The administration and prescribing of potassium chloride in adult patients at the
Bowral & District Hospital will comply with the Sydney South West Area Health
Service Guidelines and the NSW Health Department Policy Directive for
intravenous potassium chloride.
3. Principles / Guidelines
Prescribing
Intravenous potassium chloride will only be prescribed when the oral route
is unavailable or clinically inappropriate.
Intravenous potassium chloride must be prescribed in millimoles (mmol) of
potassium and must specify the dose, route, dilution and volume. The rate
of administration should also be prescribed and expressed as millilitres per
hour (mL/h). Prescriptions will be considered incomplete if any one of these
elements is omitted. Incomplete prescriptions must be corrected before
administration.
Potassium salts MUST NEVER be prescribed or given intramuscularly
or as an intravenous push (bolus).
Standard premixed potassium concentrations are to be prescribed
whenever possible in all areas of the hospital.
The treating specialist is able to approve the prescription of non-standard
potassium chloride solutions.
Solution Preparation
Preparation of infusions using potassium chloride ampoules:
Potassium chloride ampoules are concentrated and must be diluted
before use.
Flasks must only be loaded by registered nurses and in accordance with
the intravenous administration therapy and intravenous medication policies.

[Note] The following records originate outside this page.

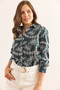 Women's Emerald Green Geometric Fisto Detailed Shirt Gml-19001324 - 3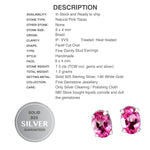 Natural Pink Topaz Oval Gemstone Solid .925 Sterling Silver 14K White Gold Stud Earrings - BELLADONNA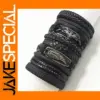 Black Evil Eye 10 Pcs Leather Bracelets Set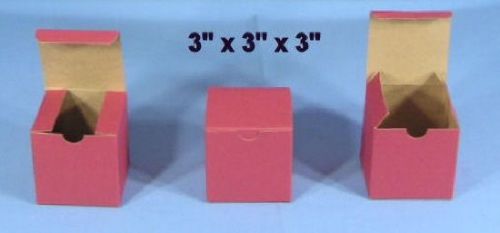** 50 Sturdy Red Gift / Shipping Boxes 3&#034; x 3&#034; x 3&#034; Cube Square 3x3x3 NEW **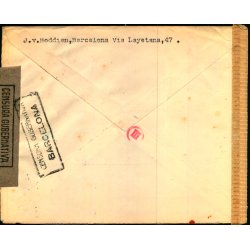 Luftpost  Censurbrev fra Spanien  22 - 2 - 44 - Til Kbenhavn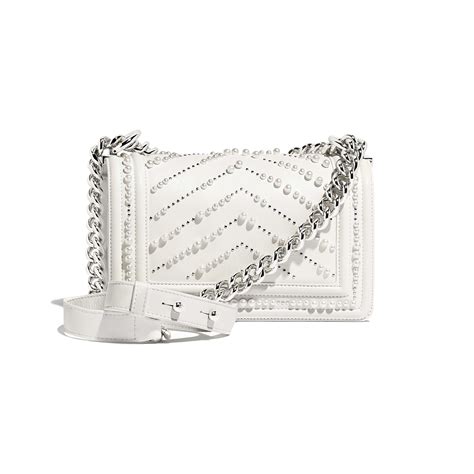 small boy chanel handbag white|Small boy chanel handbag, Calfskin & silver.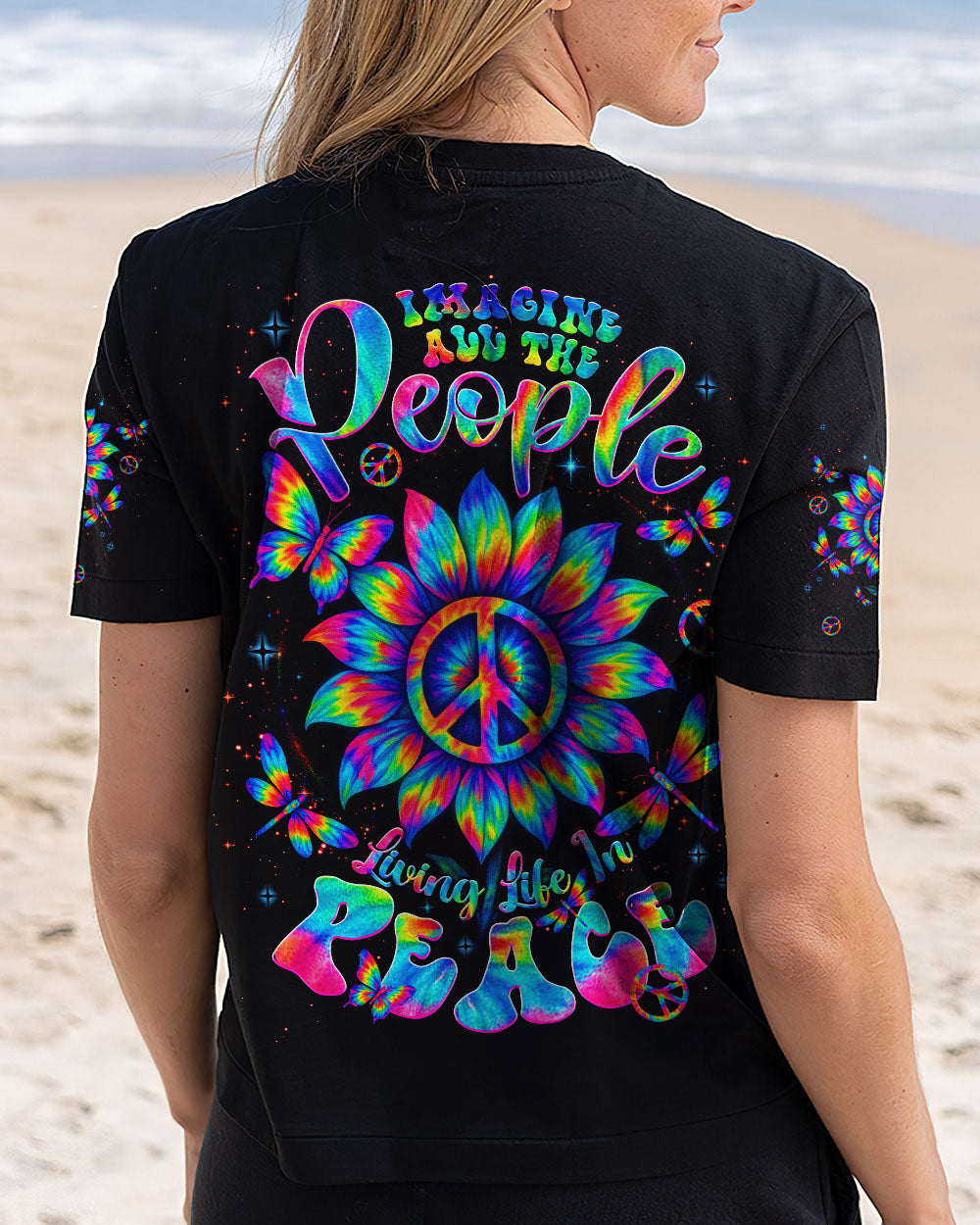 IMAGINE ALL THE PEOPLE LIVING LIFE IN PEACE TIE DYE ALL OVER PRINT  - TLNT2205253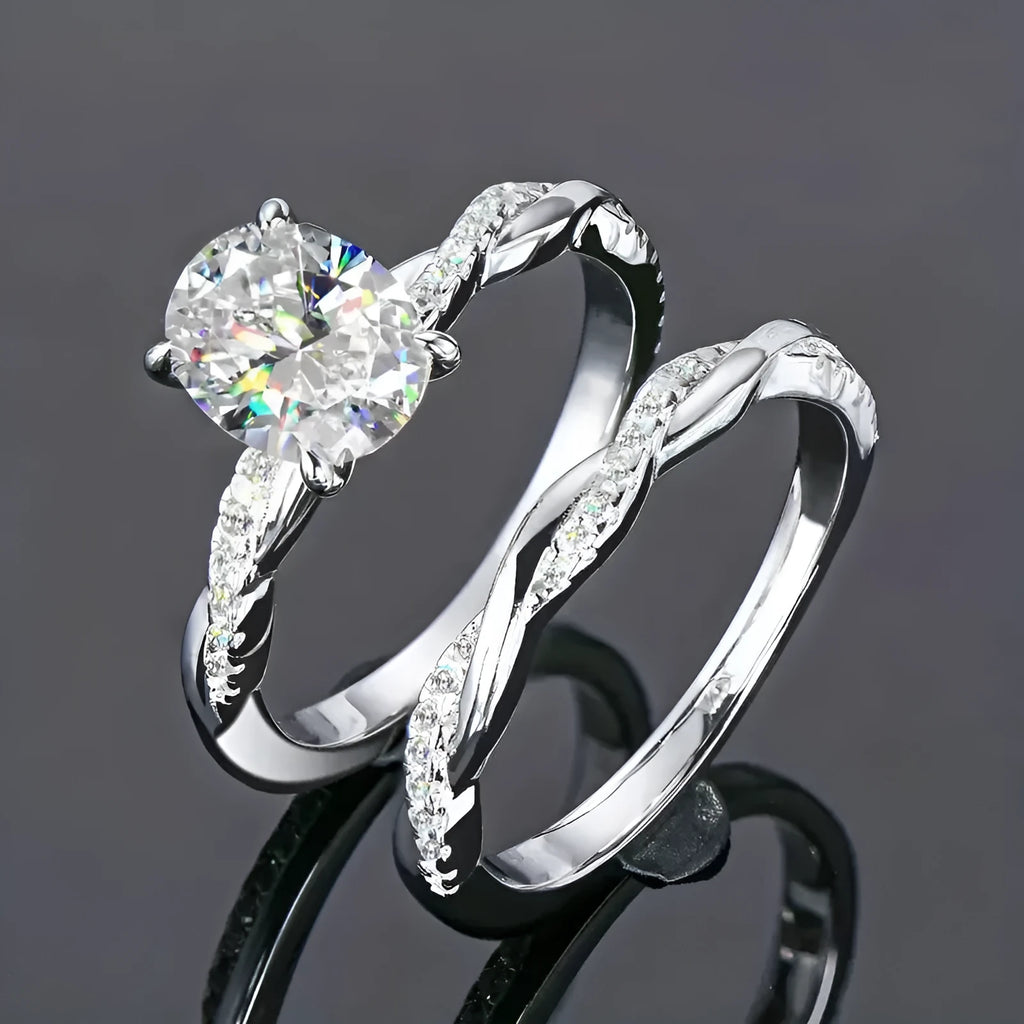 Classical zircon simple ring two-piece wedding set copper white gold colour geometric ellipse design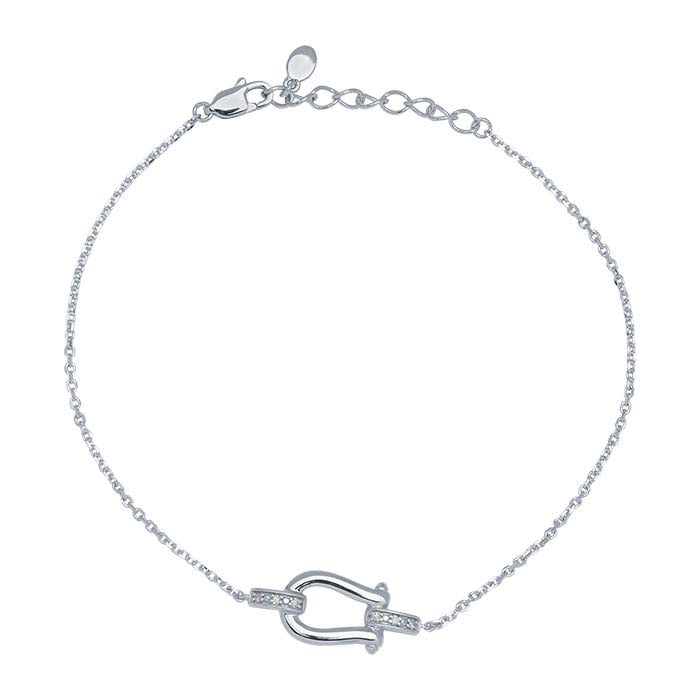 Sterling Silver Diamond-Set D-Ring Bracelet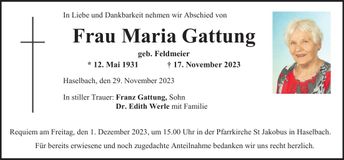 Traueranzeige Maria Gattung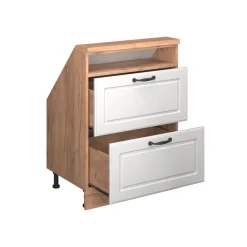 Küchenschrank für Dachschrägen R-Line Weiß Landhaus 60 cm mit 2 Schubladen Vicco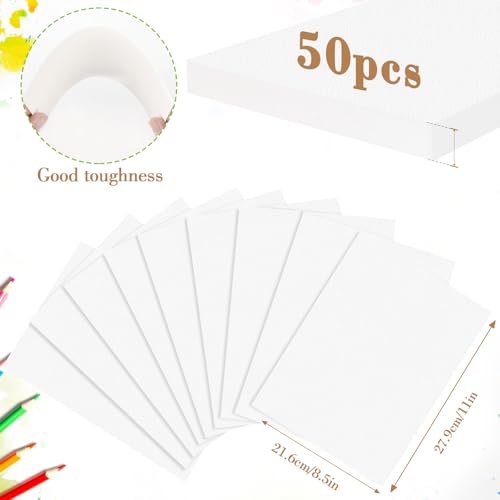 50PC 8.5x11 Watercolor Paper Bulk 140lb/300g Cold Press Watercolor Paper by KINLINK - Used condition - Image 2
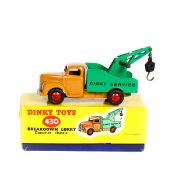 Dinky Toys Commer Breakdown Lorry (430). An example in tan with green rear body, red wheels and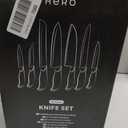 Home Hero Kitchen Knife Set - 15 PCS Black Knife Set with Block and Sharpener - Stainless Steel Knife Set - Ergonomic Handles - Includes Steak Knives Set of 6 - Knife Block Set for Kitchen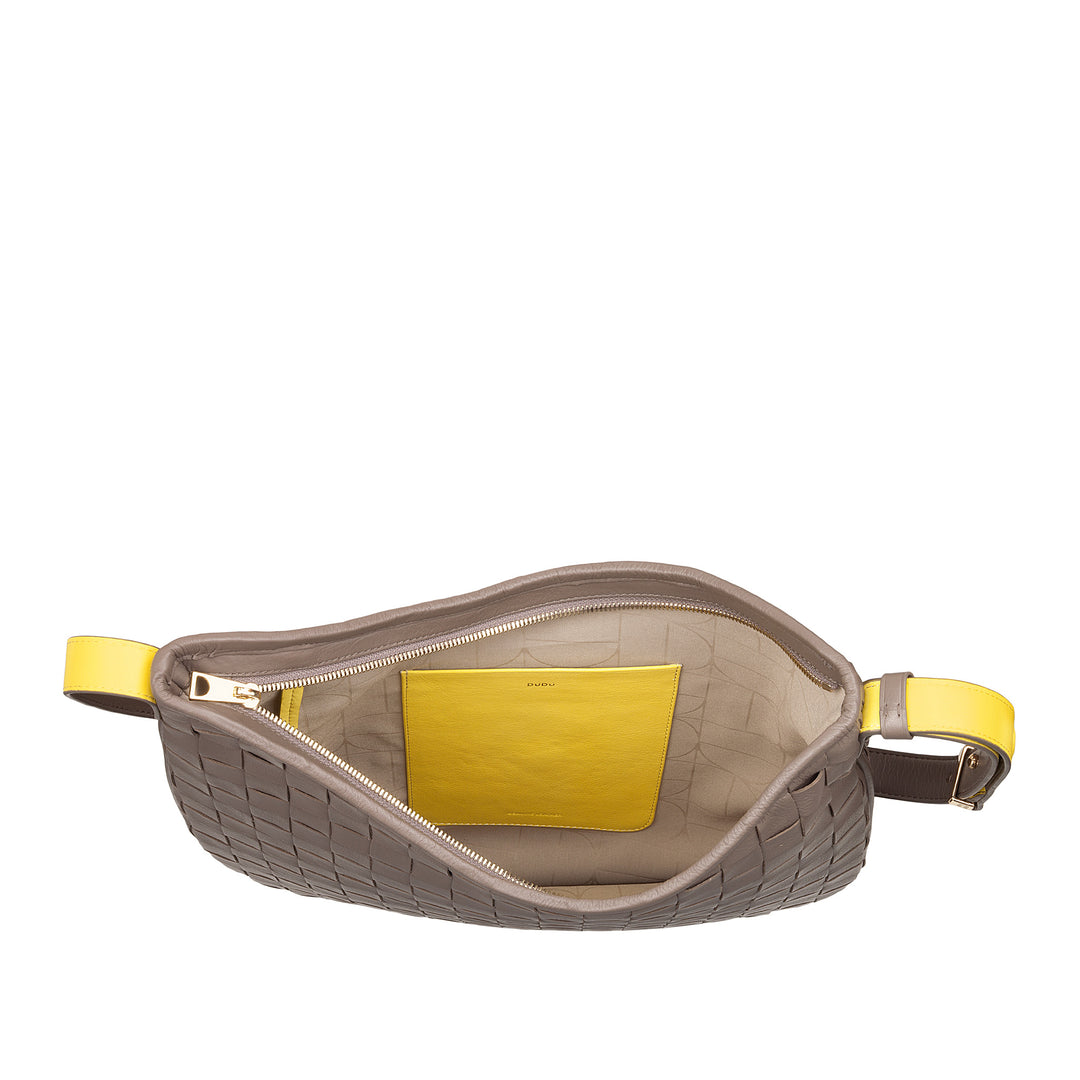 Mujer de hombro Dudu en cuero entrelazado - bolso de vagabundo elegante con cremallera, bolso de hombro en cuero real con mango ajustable e interiores espaciosos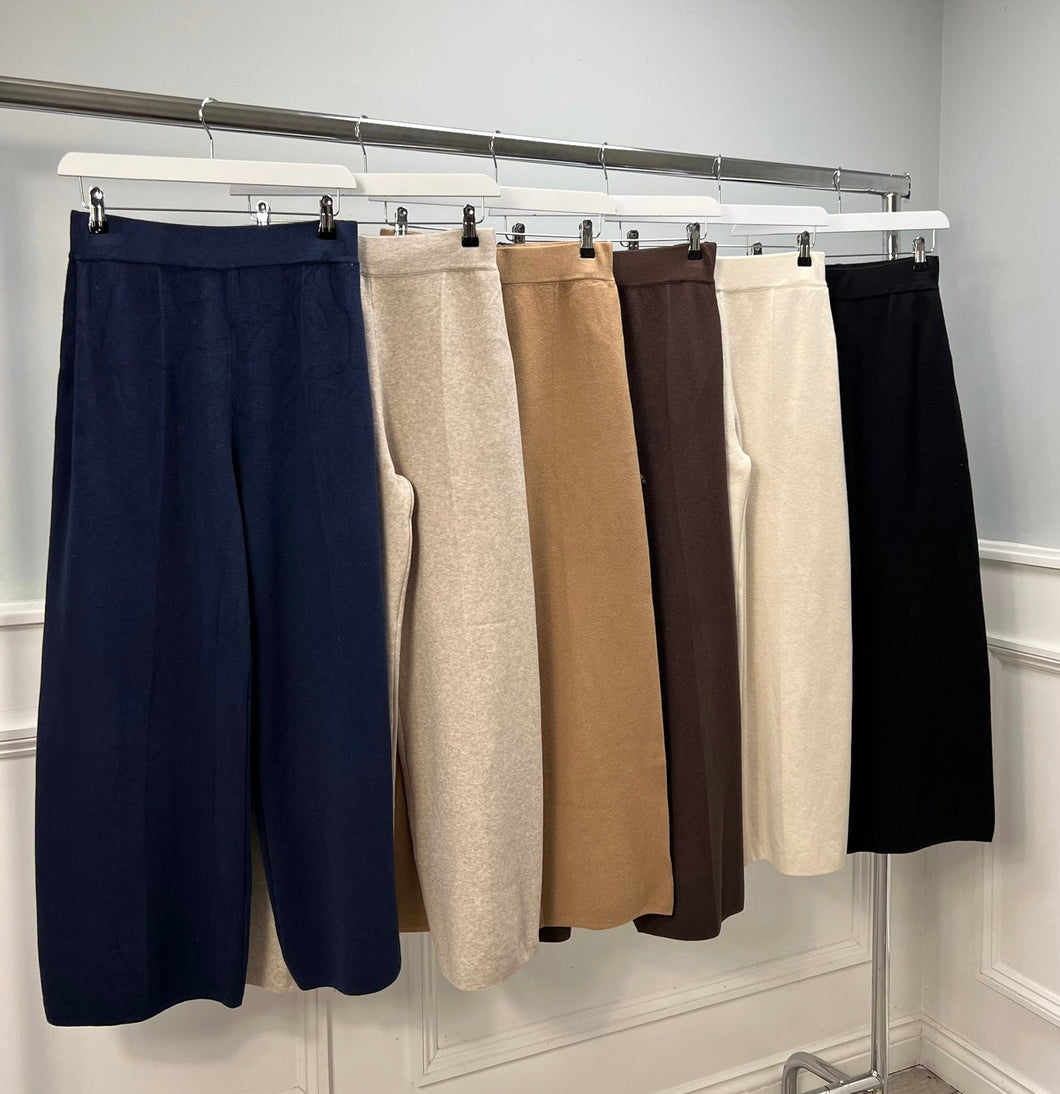 Soft knit wide leg trouser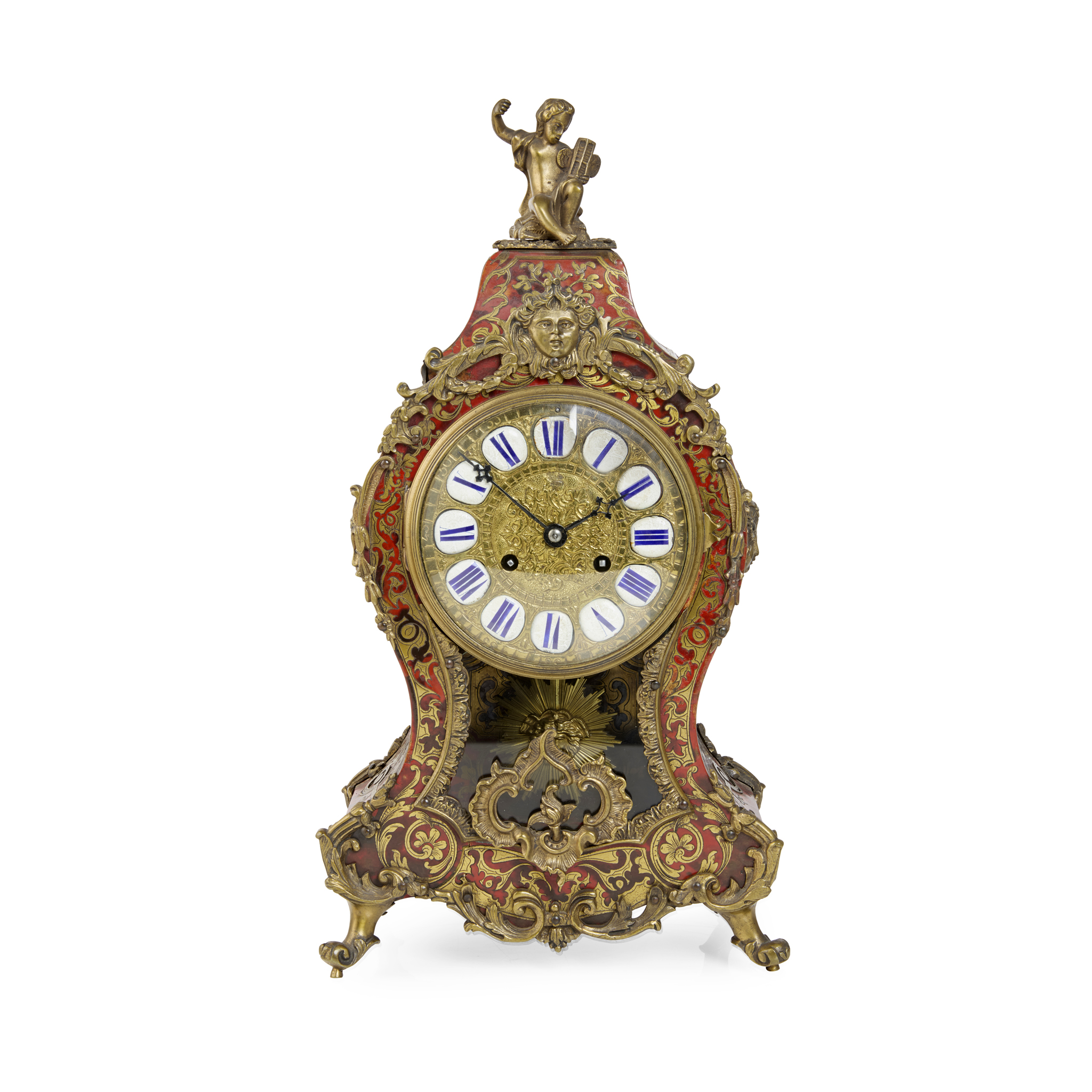 FRENCH BRASS AND RED TORTOISESHELL BOULLE MARQUETRY MANTEL CLOCK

Loaded flasks and administration lines must be labelled.
Potassium chloride ampoules must never be added to a hanging bag.
The solution must be inverted ten times to ensure potassium chloride is
thoroughly mixed throughout the solution as unshaken bags are prone to
layering of added concentrate and are extremely dangerous.
Additional potassium chloride ampoules must not be added to pre-
mixed potassium chloride intravenous solutions.
Administration
Peripheral Intravenous Administration
The treating specialist must approve administration of intravenous
potassium chloride regimens, which differ from these guidelines. Reason
and signed approval for the differing regimens must be documented in the
patient’s progress notes.
All potassium infusions must be administered via a volumetric infusion
pump with an in-line burette to prevent unintentional bolus doses of
potassium chloride being administered.
Additives of any description are not permitted to any intravenous
infusion bags containing potassium chloride.
The maximum rate of potassium chloride prescribed and administered via a
peripheral line is 10mmol per hour on general wards. Higher infusion rates
require continuous cardiac monitoring. The maximum potassium
concentration that can be loaded for peripheral administration in 40mmol/L.
Note: peripheral veins may be damaged by a potassium concentration
greater than 40mmol/L.
4. Performance Measures
Medication incidents and/or adverse events reported on IIMS data base.
5. Definitions
Nil.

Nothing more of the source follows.